About this exercise
Copy the lines exactly as they appear, starting with the first line of the records and ending with the line that contains "Watch trailer for The Danish Girl".

The input
--*--
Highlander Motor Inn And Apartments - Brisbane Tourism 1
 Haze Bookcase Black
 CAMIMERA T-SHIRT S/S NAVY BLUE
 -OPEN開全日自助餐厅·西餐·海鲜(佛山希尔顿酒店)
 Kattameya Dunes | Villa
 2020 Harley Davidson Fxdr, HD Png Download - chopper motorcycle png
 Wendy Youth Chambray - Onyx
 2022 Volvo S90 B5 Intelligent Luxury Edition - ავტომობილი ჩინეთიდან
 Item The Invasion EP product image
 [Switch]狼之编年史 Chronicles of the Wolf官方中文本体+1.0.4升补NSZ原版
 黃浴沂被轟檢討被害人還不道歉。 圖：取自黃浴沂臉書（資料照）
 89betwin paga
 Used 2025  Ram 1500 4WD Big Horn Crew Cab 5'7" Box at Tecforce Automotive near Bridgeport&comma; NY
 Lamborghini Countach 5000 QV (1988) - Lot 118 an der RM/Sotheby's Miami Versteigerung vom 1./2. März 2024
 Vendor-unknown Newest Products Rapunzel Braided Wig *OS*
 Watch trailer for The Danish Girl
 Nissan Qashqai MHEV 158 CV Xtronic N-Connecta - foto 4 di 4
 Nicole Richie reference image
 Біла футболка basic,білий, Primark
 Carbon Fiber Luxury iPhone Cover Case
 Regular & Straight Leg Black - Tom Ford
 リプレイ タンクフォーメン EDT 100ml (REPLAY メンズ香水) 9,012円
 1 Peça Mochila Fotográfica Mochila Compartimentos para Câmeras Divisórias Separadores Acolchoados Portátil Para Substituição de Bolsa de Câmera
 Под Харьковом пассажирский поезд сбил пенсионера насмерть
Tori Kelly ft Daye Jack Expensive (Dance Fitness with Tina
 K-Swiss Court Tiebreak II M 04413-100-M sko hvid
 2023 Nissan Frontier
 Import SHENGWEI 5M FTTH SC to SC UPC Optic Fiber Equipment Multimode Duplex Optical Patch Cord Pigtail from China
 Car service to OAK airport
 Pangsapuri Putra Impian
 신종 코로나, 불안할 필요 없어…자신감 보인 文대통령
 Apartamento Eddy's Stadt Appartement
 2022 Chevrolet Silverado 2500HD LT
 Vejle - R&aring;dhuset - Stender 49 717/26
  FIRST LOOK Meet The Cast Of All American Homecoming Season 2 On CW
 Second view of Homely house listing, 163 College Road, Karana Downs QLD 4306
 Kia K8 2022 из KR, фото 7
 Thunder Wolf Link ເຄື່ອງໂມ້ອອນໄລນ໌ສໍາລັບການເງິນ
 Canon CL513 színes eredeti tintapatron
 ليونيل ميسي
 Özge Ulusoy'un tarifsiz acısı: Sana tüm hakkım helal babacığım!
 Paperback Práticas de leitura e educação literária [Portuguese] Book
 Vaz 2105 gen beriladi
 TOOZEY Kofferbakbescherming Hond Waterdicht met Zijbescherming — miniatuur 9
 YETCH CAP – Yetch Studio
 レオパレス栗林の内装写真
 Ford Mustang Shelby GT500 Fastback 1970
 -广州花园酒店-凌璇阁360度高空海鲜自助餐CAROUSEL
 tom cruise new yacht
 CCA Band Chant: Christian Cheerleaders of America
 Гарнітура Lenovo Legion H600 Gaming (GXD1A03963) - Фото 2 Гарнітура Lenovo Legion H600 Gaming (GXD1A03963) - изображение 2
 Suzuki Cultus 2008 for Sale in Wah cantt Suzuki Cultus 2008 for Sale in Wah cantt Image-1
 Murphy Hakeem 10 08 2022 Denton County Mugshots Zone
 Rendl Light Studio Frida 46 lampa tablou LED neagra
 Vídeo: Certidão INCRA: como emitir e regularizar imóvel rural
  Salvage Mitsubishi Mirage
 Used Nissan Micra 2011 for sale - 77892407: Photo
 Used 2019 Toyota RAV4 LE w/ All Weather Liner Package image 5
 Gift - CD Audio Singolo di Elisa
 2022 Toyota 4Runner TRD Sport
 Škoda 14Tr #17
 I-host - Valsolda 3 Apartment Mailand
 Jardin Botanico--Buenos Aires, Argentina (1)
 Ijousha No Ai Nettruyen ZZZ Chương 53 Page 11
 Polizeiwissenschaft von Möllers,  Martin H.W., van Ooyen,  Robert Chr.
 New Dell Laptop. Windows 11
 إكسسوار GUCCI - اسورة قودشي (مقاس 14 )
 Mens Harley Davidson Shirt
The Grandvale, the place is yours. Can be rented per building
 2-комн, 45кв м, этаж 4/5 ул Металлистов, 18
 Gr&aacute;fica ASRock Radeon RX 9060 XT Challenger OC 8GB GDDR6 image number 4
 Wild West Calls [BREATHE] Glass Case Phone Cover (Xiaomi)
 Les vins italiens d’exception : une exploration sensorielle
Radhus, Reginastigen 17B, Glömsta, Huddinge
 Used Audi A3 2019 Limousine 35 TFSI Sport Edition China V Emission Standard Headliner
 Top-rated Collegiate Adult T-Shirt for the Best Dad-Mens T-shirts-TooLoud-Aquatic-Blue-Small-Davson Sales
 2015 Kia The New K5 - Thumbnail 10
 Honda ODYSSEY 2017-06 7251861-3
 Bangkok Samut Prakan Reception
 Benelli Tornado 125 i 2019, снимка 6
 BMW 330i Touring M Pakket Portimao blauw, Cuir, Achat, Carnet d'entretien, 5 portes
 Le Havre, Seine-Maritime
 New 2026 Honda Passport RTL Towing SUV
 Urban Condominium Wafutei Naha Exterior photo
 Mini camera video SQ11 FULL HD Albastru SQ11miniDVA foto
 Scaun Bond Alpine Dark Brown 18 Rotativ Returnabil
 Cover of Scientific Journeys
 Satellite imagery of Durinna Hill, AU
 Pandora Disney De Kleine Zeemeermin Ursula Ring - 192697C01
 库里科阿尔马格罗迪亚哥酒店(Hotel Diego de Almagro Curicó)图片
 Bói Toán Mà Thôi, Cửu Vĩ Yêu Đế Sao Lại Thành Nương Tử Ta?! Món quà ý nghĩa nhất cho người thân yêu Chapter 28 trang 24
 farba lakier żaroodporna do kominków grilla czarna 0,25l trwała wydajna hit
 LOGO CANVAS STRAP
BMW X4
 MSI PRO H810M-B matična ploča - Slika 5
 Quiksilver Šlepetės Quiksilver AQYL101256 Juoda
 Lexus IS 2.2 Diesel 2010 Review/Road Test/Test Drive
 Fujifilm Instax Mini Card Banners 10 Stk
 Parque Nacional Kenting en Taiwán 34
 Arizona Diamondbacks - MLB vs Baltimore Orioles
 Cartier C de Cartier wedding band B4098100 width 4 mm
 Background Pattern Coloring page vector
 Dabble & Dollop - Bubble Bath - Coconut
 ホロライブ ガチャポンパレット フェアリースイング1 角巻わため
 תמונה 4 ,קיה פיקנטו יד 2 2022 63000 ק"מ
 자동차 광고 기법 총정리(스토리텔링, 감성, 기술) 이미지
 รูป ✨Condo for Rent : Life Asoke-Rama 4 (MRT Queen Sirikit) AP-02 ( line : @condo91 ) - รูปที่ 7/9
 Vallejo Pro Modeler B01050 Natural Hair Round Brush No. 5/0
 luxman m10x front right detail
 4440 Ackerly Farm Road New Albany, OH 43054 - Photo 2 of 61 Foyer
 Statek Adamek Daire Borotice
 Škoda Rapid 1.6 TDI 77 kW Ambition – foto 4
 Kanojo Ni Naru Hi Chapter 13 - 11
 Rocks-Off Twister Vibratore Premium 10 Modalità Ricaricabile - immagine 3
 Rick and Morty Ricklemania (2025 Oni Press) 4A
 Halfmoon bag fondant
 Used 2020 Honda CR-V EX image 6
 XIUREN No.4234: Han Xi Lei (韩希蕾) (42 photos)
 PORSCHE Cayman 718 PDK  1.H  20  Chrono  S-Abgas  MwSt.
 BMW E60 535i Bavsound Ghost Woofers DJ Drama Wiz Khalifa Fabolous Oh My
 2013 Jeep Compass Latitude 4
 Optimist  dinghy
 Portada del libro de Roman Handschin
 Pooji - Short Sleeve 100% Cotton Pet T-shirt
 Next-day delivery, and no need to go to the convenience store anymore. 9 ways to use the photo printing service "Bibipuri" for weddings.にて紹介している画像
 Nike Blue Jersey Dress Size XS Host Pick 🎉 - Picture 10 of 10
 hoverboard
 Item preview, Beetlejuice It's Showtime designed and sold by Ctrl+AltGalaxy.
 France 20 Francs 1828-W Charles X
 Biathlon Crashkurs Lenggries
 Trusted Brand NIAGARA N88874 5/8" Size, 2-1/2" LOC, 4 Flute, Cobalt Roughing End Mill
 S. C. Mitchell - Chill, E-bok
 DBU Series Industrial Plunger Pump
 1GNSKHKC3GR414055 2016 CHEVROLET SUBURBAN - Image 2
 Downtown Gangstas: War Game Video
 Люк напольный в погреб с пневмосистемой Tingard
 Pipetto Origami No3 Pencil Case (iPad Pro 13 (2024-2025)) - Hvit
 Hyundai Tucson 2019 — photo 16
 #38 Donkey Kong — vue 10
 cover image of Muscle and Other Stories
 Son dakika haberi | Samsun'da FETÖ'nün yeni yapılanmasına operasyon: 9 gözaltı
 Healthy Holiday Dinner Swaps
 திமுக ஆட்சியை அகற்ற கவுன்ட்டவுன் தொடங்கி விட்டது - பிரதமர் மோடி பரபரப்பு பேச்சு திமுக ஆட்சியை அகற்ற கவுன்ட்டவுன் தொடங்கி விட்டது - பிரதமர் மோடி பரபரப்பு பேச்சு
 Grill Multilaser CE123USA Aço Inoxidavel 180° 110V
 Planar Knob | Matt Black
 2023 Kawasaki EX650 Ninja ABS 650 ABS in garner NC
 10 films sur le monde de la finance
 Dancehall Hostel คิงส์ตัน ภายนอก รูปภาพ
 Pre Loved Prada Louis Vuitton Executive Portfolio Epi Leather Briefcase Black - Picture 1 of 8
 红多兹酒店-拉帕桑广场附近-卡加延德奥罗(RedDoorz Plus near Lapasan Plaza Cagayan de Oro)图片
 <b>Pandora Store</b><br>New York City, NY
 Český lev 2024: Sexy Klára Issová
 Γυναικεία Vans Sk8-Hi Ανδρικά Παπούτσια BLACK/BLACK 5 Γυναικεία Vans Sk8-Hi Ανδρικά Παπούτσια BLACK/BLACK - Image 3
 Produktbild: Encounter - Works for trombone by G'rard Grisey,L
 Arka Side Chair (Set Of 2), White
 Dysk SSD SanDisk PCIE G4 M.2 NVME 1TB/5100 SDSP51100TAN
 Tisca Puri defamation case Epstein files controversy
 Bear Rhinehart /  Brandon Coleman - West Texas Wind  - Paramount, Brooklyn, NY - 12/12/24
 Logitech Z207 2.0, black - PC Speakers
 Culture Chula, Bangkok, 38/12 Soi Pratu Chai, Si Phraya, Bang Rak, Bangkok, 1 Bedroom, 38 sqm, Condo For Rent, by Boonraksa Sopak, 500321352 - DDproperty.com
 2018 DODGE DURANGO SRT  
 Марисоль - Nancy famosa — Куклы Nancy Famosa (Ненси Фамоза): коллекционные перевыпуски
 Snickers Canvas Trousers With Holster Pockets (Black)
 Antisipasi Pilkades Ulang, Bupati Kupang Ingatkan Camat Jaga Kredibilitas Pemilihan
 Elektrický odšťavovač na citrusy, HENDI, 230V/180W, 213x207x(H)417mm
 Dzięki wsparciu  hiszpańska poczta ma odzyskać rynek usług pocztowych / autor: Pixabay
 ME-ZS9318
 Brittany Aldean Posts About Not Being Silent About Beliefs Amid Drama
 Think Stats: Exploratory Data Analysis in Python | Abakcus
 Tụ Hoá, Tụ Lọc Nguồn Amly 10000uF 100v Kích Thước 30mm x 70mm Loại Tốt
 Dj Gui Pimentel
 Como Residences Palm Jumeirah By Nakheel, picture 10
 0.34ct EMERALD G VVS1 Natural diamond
--*--
Reply to the exercise
Highlander Motor Inn And Apartments - Brisbane Tourism 1
 Haze Bookcase Black
 CAMIMERA T-SHIRT S/S NAVY BLUE
 -OPEN開全日自助餐厅·西餐·海鲜(佛山希尔顿酒店)
 Kattameya Dunes | Villa
 2020 Harley Davidson Fxdr, HD Png Download - chopper motorcycle png
 Wendy Youth Chambray - Onyx
 2022 Volvo S90 B5 Intelligent Luxury Edition - ავტომობილი ჩინეთიდან
 Item The Invasion EP product image
 [Switch]狼之编年史 Chronicles of the Wolf官方中文本体+1.0.4升补NSZ原版
 黃浴沂被轟檢討被害人還不道歉。 圖：取自黃浴沂臉書（資料照）
 89betwin paga
 Used 2025  Ram 1500 4WD Big Horn Crew Cab 5'7" Box at Tecforce Automotive near Bridgeport&comma; NY
 Lamborghini Countach 5000 QV (1988) - Lot 118 an der RM/Sotheby's Miami Versteigerung vom 1./2. März 2024
 Vendor-unknown Newest Products Rapunzel Braided Wig *OS*
 Watch trailer for The Danish Girl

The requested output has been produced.